◆ Work instructions
Output the exact lines that start at the one containing "Studio rénové au" and continue to the last line of the entries below; do not output pictures.

Image-text web data:
━━━━━━━━━━━━━━━━━━━━
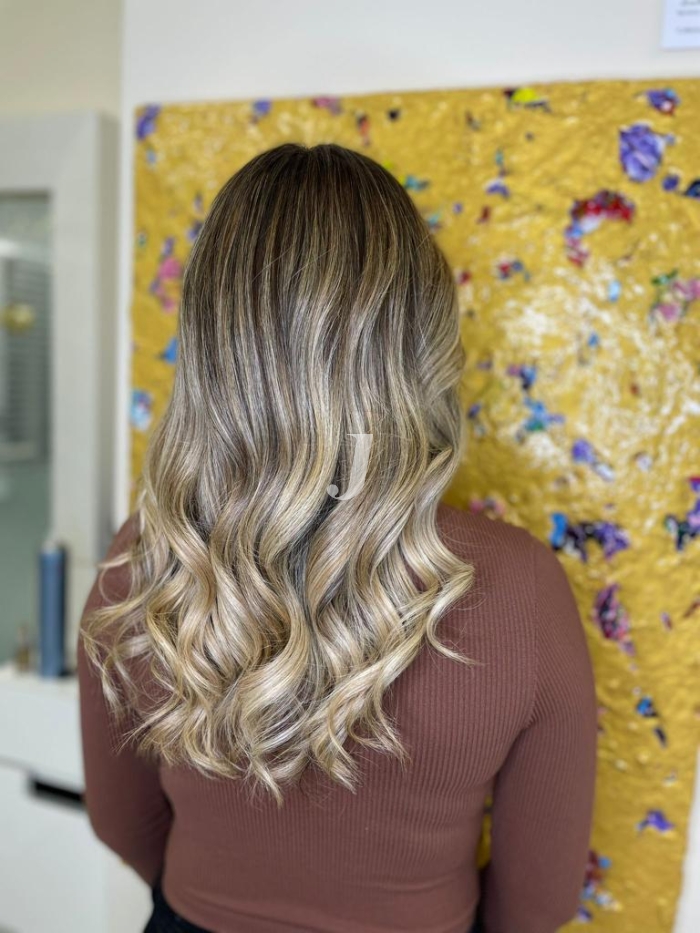 Foto di donna con capelli lunghi biondo platino perla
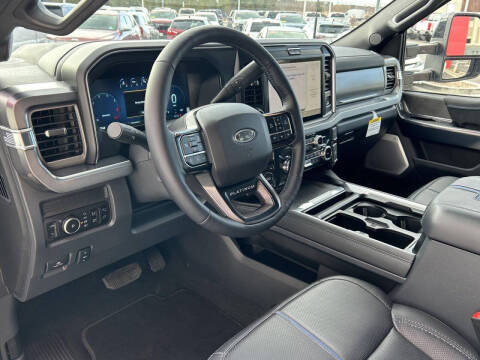 2025 Ford F-450 Super Duty Platinum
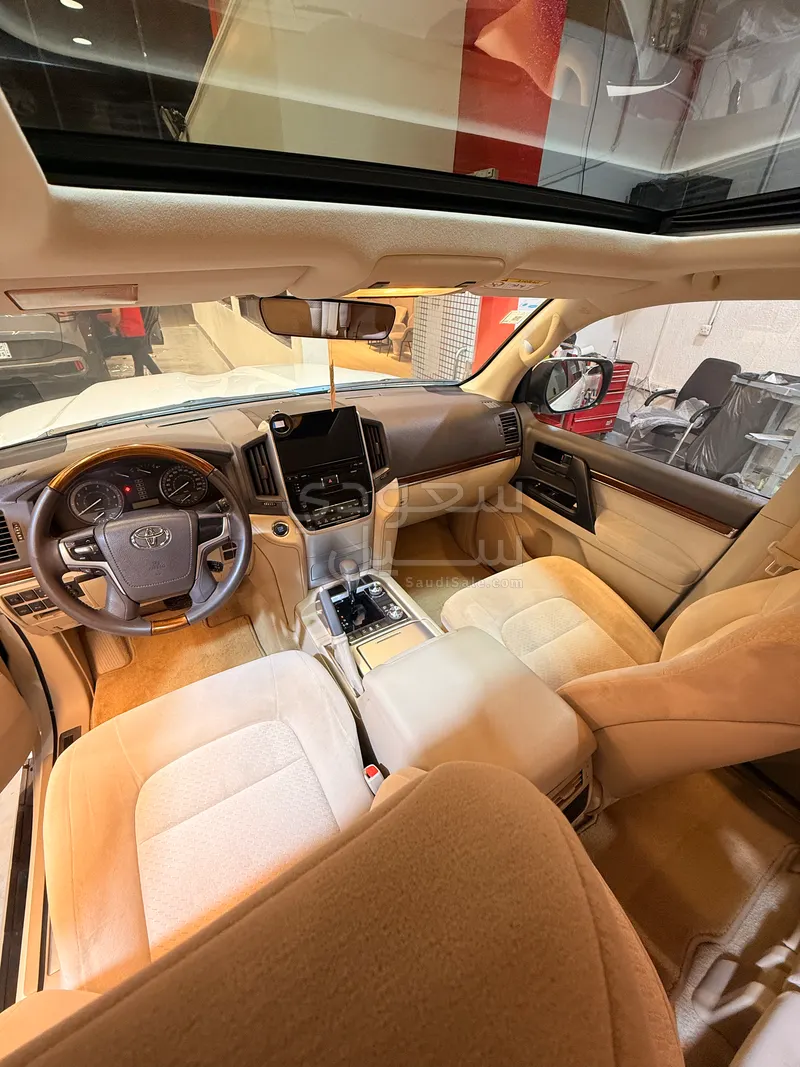 2018 تويوتا لاند كروزر جي اكس ار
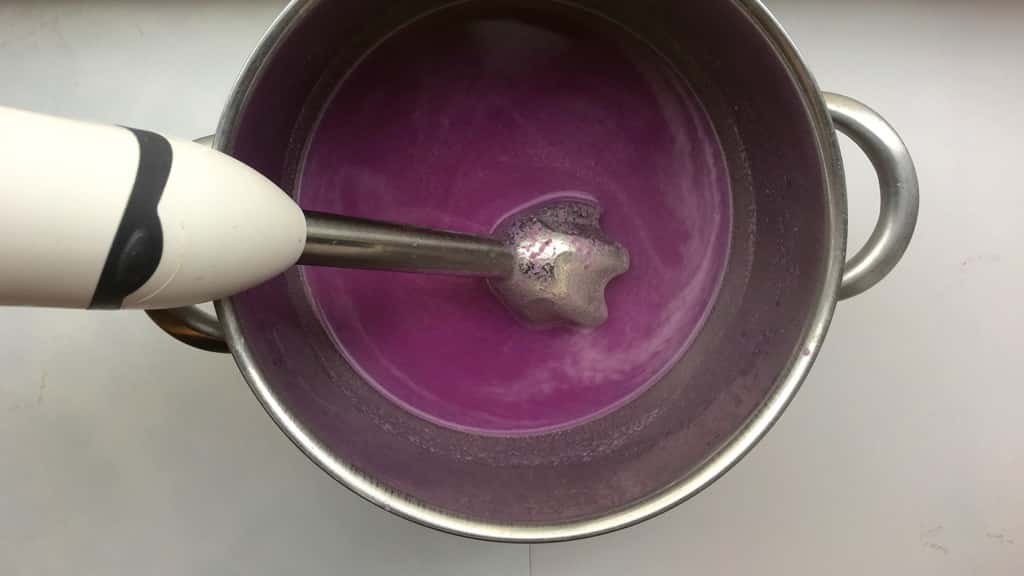 Here's a real treat for soup lovers: a silky blue cheese & red cabbage soup recipe... one of my most favorite autumn soups!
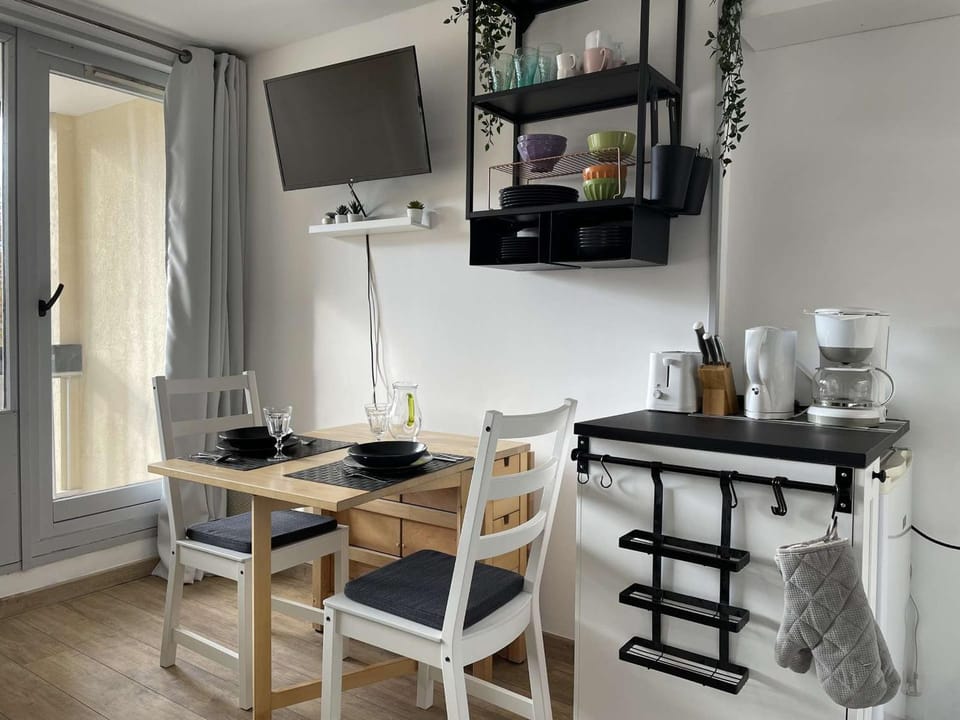 Studio rénové au pied des pistes, balcon ouest, 4 couchages à Montgenèvre - FR-1-330D-129 Apartment in Montgenèvre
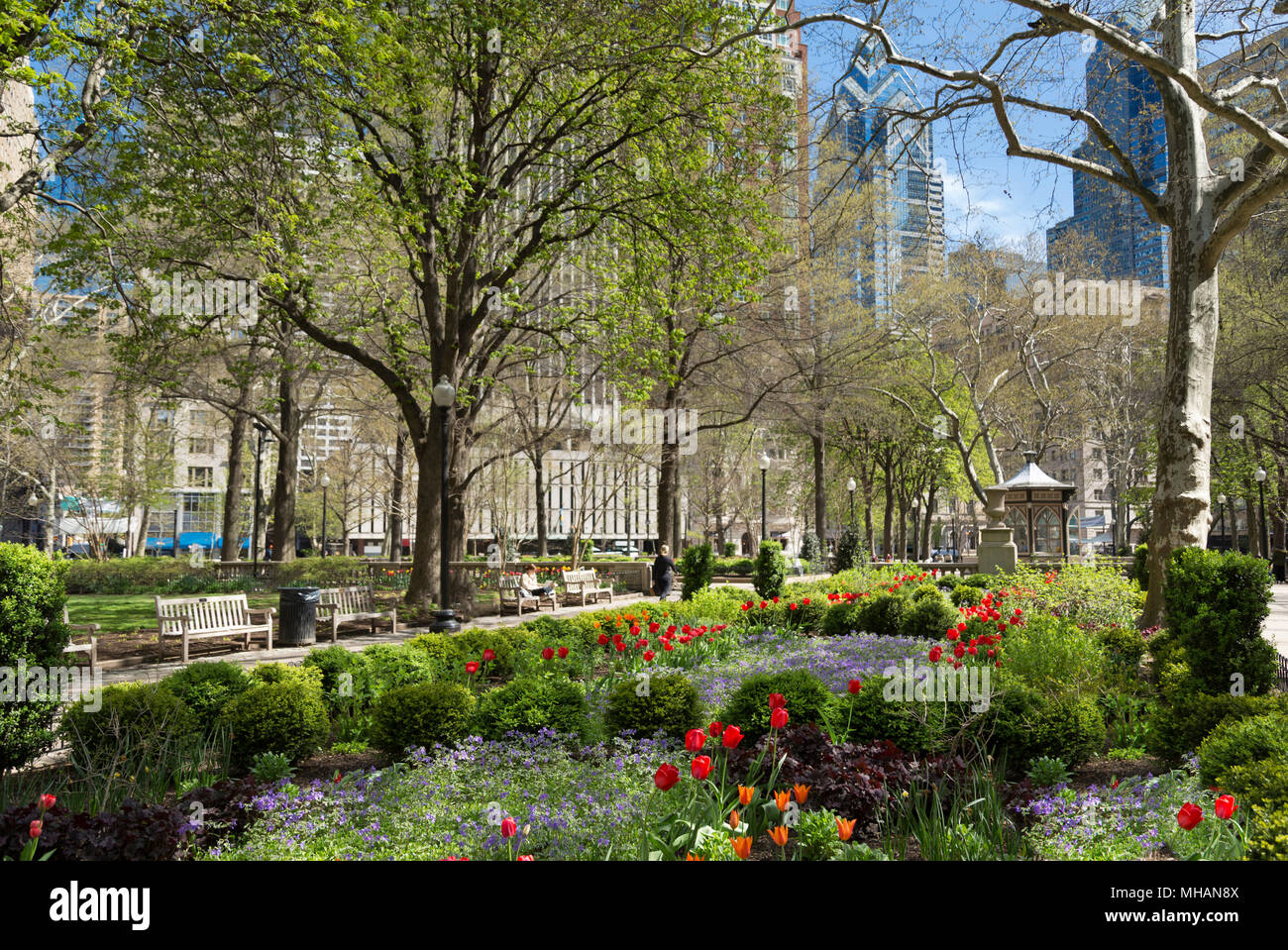 Rittenhouse Square, un jardin et parc de centre-ville de Philadelphie au printemps , skyline en arrière-plan, Philadelphia, Pennsylvania, USA Banque D'Images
━━━━━━━━━━━━━━━━━━━━
◆ Result
 Studio rénové au pied des pistes, balcon ouest, 4 couchages à Montgenèvre - FR-1-330D-129 Apartment in Montgenèvre
 Rittenhouse Square, un jardin et parc de centre-ville de Philadelphie au printemps , skyline en arrière-plan, Philadelphia, Pennsylvania, USA Banque D'Images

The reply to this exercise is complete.